» Brief
Each line from the one holding "Recycled Uncoated Business" through the end of the records should be returned exactly, while pictures are skipped.

Segment Start: Information

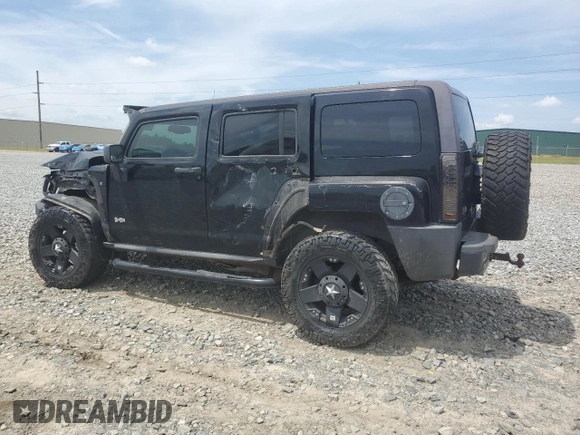 2007 Hummer H3 SUV z VIN 5GTDN13E278207901, wystawiony jako Copart lot #55413255 z przebiegiem 186 255 mil mil oraz Szkody całkowita. Historia ofert i sprzedaży dostępna na DreamBid. Obrazek 2.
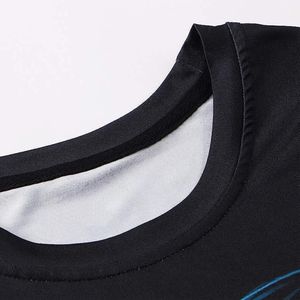 Rash guard Anti UV Hommes En Plein Air Marvel Anime Sublimation MMA Rashguard Respirant Compression Gym Fitness Rash guard Pour Hommes - Product Image 3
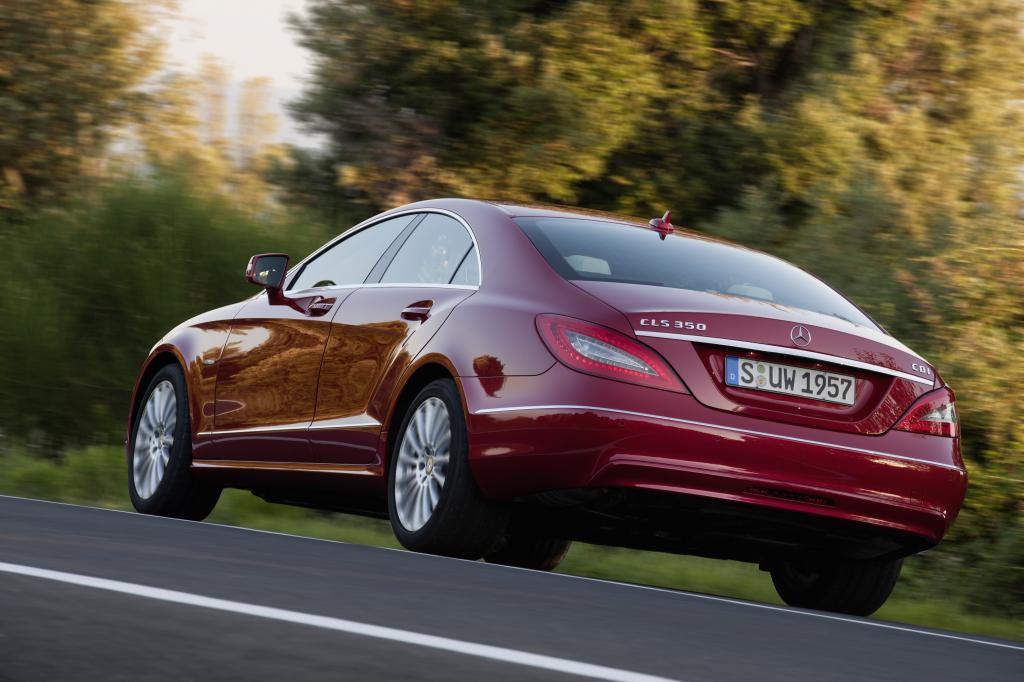 Neuer Mercedes-Benz CLS kommt im Januar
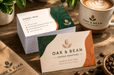 Recycled Uncoated Business Cards 24pt - Clubcard Printing USA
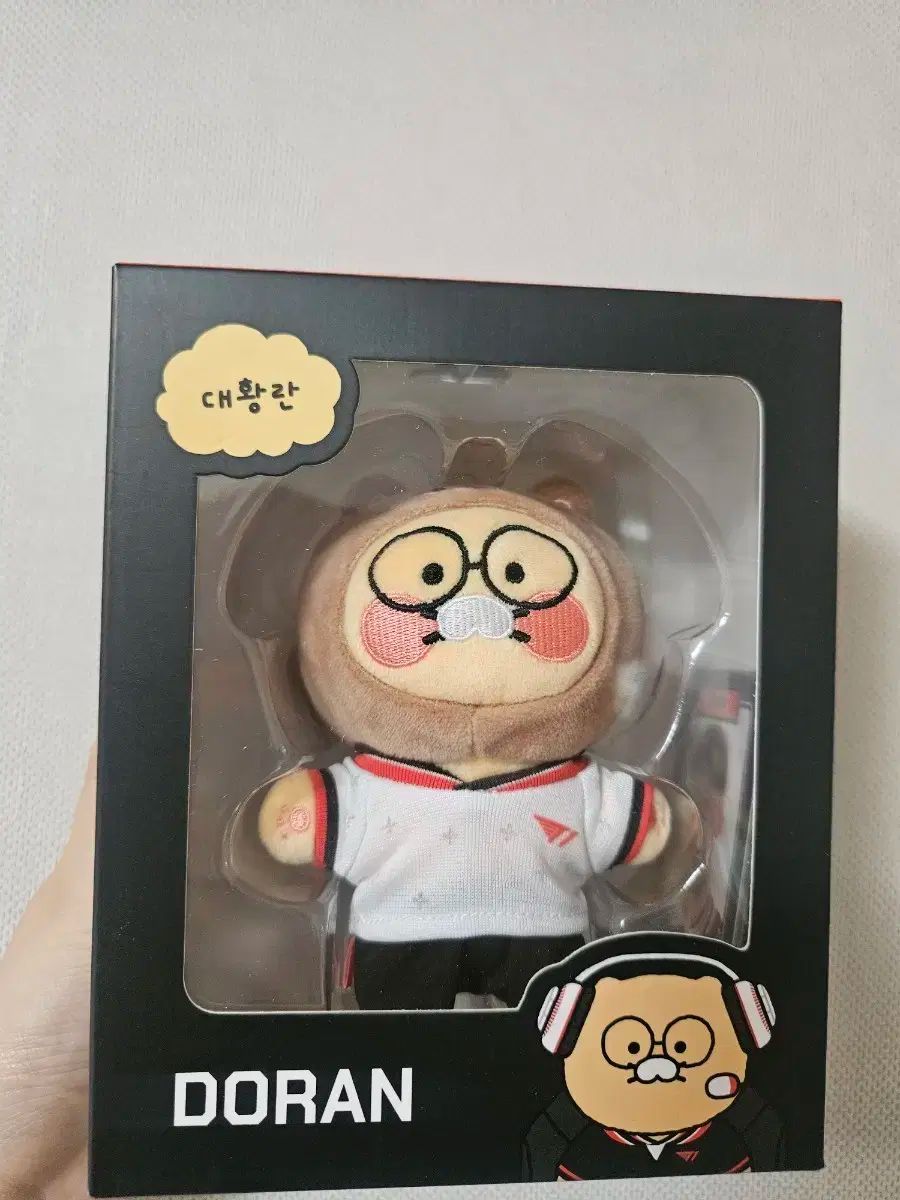 T1X カカオフレンズ キーリングドール ドラン_チュンシク トレカ O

Segment End: Information

» Solved exercise
 Recycled Uncoated Business Cards 24pt - Clubcard Printing USA
 T1X カカオフレンズ キーリングドール ドラン_チュンシク トレカ O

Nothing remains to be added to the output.